Menurut Suwarto, saat ini harga kedelai impor menyentuh Rp 85 ribu/kuintal. Padahal, harga sebelumnya bertahan pada kisaran Rp 75 ribu/kuintal. Kenaikkan harga Rp 10 ribu/kuintal sudah cukup membuat perajin tahu-tempe di sini kelabakan.
“Kenaikkan nilar dolar AS, otomatis berdampak biaya produksi,” ujar Wartopo (65), perajin tahu-tempe yang lain.
Wartopo setiap hari butuh sekitar dua-tiga kuintal kedelai untuk produksi tahu. Selisih kenaikkan harga kedelai impor, cukup berarti bagi perajin.
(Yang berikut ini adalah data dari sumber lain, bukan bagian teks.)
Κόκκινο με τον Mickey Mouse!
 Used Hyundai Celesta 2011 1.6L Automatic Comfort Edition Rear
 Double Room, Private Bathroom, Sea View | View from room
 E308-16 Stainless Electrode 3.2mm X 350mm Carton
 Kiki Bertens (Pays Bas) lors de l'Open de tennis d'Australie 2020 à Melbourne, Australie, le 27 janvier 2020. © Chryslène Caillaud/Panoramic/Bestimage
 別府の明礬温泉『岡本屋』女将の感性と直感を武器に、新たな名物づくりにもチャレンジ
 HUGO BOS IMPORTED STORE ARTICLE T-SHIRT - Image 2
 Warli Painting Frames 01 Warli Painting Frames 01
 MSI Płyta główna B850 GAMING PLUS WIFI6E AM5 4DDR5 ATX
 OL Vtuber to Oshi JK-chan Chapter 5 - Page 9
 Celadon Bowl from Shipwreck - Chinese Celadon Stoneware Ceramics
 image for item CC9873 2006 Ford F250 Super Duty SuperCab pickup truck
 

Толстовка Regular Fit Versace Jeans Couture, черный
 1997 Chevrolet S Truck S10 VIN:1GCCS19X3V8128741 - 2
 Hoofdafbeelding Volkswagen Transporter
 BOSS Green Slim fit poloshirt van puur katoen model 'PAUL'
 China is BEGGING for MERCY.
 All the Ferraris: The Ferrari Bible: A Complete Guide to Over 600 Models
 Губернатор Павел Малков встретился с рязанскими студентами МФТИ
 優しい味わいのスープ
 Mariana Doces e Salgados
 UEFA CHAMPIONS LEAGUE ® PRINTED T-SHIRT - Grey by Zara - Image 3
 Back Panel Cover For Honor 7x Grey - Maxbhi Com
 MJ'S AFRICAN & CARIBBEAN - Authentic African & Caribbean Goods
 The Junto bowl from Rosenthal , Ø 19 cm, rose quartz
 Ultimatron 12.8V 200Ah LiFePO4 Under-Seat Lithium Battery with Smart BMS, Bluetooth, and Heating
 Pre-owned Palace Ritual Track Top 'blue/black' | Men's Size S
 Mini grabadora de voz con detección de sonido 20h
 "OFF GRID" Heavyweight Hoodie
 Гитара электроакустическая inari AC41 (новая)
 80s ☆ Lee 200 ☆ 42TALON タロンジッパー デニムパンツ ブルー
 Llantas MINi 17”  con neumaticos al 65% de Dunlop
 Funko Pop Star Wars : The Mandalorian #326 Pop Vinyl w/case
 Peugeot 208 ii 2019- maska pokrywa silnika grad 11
Oleh karena, dengan kenaikkan bahan baku berdampak pada keuntungan kian tipis. Soalnya, perajin tidak berani menaikkan harga jual lantaran takut kehilangan pembeli.
“Memproduksi tahu saat sekarang, balik modal saja sudah bagus. Masak, kerja tidak hanya kerja bhakti saja. Tidak ada upahnya dari memeras keringat,” tambah Suwarni (57), perajin yang lain. (rol/adj)
Komentar Mustanir.com
Indonesia, negeri yang kaya akan sumber daya alamnya, baik bahari maupun daratannya, tetapi ironisnya, masih banyak rakyatnya yang tidak mendapatkan akses untuk memakan makanan yang baik dan bergizi. Bahkan untuk membuat tempe dan tahu saja, Indonesia perlu impor kedelai dari Amerika, sehingga ketika dollar naik, tempe dan tahu pun menjadi naik harganya.
Untuk membeli beras saja rakyat semakin susah, apalagi jika kemudian ditambah kenaikan harga tempe dan tahu, tentunya akan membuat rakyat Indonesia semakin menjerit. Lantas, apa gunanya ada pemerintahan yang sekarang ini dijalankan jika hanya semakin memberatkan kehidupan rakyat?